Prólogo
Venezuela es el quinto país del mundo productor de petróleo. En 1980 los ingresos provenientes de la venta de crudos alcanzaron una cifra de 18,3 billones de dólares, lo que elevó la renta per cápita a 3.100 dólares, la más alta de Latinoamérica. Solamente en las industrias de construcción y servicios, Venezuela, una nación con 15 millones de habitantes, necesita un millón de nuevos empleos. El gobierno del presidente Luis Herrera Campins está elaborando un nuevo plan nacional destinado a crear puestos de trabajo. Algunos observadores optimistas, como Peter Passel, sugieren que Venezuela podría convertirse en la Arabia Saudita del aceite pesado, ya que las 15.000 millas cuadradas de terrenos pantanosos y jungla del cinturon de petróleo del Orinoco podrían producir perfectamente 900 billones de barriles de 'pesados', que, en teoría, llegarían a satisfacer las necesidades de todos los países no comunistas del mundo durante setenta y cinco años.

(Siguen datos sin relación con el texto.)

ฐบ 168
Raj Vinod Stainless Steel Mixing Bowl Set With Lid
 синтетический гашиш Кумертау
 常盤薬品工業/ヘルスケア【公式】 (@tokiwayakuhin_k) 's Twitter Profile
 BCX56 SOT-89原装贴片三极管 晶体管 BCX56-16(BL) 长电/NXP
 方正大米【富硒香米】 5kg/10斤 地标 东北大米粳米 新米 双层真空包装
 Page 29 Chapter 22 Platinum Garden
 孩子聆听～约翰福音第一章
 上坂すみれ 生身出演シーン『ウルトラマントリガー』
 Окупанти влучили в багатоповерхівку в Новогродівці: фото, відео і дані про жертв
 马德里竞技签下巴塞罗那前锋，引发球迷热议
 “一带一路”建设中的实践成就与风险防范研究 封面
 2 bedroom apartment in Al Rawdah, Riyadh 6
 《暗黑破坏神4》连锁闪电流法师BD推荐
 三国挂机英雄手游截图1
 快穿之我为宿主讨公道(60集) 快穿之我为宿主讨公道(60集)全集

No es de extrañar que, en medio de tan extraordinaria bonanza de energía, los venezolanos hayan empezado a plantearse si estaban preparados para controlar esta avalancha de riqueza y fortuna recién descubierta y, sin duda, si los 'cerebros' venezolanos estaban preparados para hacer frente a las innovaciones tecnológicas y económicas que han acompañado siempre a estos desarrollos en otros países, inclusive en las naciones miembros de la OPEP.
En el verano de 1979, durante una reunión del Club de Roma en Salzburgo, Austria, un hombre se dirigió al conjunto de empresarios, expertos y magos de las finanzas allí reunidos para hablarles del tema de la 'inteligencia humana'. Este hombre era el profesor Luis Alberto Machado, quien, desde hacía cuatro meses, era ministro para el Desarrollo de la Inteligencia, del Gobierno de la República de Venezuela.